Deutscher, the most egocentric of men despite a pretended humility, would show
them the right way:
He [the ex-communist renegade] no longer throws out
the the dirty water of the Russian revolution to protect the baby; he discovers
that the baby is a monster than must be strangled.
The death of tens of millions becomes mere dirty
bath-water; the baby – presumably the core of the Soviet Union, its ideal, not
its practice – is still beautiful.
Deutscher reproached the renegades of The God that
Failed for their tendency to abstraction, of uninterest in concrete realities
of the world around them, but you can’t get much more abstract than calling
mass famines, purges, the gulag, mere dirty water. It is no surprise, perhaps,
that a man who can do so has about as much sense of proportion as a young child
from whose hand a toy is removed. In his essay, Post-Stalinist Ferment of
Ideas, Deutscher has this to say:
Having for decades lived under its own (triumphant!) brand of McCarthyism with its loyalty tests, charges of un-Bolshevik activities, witch-hunts and purges, terroristic suspicion and suspicious terrorism, Soviet society is now driven by self-preservation to try and regain initiative and freedom of decision and action.
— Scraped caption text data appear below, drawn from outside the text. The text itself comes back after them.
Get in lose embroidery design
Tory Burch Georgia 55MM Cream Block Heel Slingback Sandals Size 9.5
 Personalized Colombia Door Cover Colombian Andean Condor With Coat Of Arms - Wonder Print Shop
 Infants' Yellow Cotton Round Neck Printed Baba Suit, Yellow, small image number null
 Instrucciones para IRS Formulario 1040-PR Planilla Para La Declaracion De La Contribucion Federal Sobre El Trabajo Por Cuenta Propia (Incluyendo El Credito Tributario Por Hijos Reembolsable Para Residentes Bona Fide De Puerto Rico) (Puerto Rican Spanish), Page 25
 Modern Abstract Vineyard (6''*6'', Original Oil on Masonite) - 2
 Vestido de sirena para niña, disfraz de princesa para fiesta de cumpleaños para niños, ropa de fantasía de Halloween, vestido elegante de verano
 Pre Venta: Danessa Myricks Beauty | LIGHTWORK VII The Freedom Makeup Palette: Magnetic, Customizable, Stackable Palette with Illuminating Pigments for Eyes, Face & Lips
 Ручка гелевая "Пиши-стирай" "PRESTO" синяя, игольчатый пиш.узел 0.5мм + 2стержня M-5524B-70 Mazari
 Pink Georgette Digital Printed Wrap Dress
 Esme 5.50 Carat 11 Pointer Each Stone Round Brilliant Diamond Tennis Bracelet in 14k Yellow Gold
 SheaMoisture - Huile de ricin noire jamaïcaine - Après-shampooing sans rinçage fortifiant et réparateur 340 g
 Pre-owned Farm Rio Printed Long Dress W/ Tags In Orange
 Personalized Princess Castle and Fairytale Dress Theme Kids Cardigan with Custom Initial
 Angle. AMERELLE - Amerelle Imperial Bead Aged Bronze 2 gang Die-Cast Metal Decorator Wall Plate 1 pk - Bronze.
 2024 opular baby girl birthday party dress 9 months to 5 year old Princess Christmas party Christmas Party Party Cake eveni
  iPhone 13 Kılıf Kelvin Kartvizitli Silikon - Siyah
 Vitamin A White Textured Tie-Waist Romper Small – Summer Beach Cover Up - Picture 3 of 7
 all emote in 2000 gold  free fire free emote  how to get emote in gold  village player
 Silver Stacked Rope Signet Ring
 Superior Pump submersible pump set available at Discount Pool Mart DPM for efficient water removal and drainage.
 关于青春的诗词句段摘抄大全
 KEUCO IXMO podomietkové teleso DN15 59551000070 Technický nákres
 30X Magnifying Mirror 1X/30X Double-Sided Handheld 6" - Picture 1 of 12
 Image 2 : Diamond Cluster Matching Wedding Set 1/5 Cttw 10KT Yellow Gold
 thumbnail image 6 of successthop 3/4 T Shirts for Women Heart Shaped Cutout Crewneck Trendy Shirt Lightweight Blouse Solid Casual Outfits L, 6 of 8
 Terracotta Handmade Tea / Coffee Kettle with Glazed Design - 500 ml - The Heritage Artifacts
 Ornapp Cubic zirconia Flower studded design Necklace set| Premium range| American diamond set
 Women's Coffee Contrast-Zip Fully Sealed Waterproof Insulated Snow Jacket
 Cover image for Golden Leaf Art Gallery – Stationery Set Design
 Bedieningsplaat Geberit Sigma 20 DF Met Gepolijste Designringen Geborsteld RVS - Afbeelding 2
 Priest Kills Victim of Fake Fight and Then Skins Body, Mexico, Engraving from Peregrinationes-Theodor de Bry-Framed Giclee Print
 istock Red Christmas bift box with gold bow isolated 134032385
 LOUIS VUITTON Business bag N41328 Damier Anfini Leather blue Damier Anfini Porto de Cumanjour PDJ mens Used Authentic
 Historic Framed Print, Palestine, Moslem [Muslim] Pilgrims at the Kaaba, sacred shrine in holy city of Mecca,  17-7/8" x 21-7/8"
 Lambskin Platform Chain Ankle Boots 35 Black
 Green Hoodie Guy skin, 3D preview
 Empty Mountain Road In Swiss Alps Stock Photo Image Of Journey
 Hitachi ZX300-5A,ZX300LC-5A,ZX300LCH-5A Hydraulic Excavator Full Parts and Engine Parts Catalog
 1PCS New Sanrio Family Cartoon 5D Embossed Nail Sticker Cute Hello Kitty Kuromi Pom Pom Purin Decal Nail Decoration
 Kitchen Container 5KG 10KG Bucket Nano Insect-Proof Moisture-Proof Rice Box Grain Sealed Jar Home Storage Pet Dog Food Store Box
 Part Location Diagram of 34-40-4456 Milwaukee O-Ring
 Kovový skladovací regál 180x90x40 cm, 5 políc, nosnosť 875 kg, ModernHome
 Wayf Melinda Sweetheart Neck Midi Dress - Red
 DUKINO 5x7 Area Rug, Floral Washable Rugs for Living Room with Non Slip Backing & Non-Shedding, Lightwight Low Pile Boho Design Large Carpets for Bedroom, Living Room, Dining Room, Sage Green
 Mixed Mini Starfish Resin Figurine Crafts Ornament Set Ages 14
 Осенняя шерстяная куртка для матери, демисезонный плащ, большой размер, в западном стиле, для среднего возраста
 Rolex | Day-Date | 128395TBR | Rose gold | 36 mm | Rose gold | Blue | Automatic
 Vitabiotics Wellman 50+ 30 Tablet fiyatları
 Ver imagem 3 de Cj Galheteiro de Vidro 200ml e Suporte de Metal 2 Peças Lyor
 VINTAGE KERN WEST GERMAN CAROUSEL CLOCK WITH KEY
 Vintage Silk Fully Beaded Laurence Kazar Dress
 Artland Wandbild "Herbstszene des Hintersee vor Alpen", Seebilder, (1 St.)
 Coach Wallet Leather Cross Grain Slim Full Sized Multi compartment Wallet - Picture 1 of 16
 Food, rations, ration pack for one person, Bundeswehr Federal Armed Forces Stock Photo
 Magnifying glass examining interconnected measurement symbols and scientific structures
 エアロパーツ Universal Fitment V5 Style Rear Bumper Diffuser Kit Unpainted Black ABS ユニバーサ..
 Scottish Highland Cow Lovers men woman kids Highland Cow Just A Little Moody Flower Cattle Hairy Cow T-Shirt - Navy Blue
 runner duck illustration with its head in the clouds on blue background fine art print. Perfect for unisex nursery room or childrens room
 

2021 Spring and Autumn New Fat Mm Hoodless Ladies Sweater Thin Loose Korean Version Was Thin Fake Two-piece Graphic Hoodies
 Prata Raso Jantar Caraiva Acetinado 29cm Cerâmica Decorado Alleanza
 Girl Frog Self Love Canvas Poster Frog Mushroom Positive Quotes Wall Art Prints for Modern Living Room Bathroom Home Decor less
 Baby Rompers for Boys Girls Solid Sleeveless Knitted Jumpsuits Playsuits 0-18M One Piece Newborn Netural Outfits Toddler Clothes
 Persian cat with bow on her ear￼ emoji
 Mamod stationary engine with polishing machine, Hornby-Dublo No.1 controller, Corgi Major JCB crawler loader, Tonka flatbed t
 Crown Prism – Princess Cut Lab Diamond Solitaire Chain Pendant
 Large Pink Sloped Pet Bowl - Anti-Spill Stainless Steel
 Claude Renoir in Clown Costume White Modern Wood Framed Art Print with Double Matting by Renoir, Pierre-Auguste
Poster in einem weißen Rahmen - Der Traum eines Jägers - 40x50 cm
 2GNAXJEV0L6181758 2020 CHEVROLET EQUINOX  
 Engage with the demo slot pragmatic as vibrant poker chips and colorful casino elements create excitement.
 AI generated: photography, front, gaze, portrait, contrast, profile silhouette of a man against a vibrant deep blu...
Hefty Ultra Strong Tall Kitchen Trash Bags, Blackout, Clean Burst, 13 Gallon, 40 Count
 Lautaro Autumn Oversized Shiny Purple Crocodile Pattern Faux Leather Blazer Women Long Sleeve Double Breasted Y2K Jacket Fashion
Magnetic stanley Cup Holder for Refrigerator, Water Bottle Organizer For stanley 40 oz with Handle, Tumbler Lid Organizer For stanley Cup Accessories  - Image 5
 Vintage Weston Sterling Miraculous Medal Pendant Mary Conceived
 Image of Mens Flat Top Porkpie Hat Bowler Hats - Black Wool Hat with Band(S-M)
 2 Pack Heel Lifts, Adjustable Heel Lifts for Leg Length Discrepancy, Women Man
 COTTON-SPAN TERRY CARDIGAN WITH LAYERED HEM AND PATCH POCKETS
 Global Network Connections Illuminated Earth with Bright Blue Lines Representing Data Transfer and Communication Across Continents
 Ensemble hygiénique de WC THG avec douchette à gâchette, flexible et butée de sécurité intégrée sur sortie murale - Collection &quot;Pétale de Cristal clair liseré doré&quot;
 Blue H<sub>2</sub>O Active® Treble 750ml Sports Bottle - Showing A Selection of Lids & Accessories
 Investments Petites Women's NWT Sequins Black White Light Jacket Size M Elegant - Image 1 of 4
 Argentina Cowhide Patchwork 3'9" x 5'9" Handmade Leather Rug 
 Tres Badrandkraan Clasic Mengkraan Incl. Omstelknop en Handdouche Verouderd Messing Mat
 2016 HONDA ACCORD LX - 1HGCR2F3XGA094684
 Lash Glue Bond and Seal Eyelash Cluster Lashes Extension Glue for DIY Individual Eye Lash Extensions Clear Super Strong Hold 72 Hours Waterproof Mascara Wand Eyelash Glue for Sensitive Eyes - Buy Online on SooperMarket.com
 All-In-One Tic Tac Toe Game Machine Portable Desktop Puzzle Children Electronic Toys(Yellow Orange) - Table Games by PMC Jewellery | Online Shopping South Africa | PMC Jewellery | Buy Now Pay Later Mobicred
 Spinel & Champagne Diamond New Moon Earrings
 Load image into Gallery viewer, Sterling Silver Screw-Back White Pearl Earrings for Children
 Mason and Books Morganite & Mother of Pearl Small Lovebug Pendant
In his review of Orwell’s Nineteen Eighty-Four, titled
The Mysticism of Cruelty, Deutscher says that it ‘is in effect not so much a
warning as a piercing shriek.’ In the course of the essay, he says of the Great
Purges in Stalin’s Russia:
To be sure, the events were highly ‘irrational;’ but he who because of this treats them irrationally is very much like the psychiatrist whose mind becomes unhinged by dwelling too closely with insanity.
To reduce the Great Purges to the status of events, a
word that applies to all human happenings whatsoever, is to deny their
exceptional or special historical significance, again with the motive of
preserving the beautiful, rosy baby of Deutscher’s absurd and shallow ideals.
Deutscher’s use of quotation marks suggests that he thinks the Great Purges
were rational, which in a sense they were: that is to say they served the
purpose of concentrating Stalin’s power, even if the accusations in the purges
were themselves absurd and without empirical foundation (not, of course, that
the accused men were therefore admirable men, very far from it).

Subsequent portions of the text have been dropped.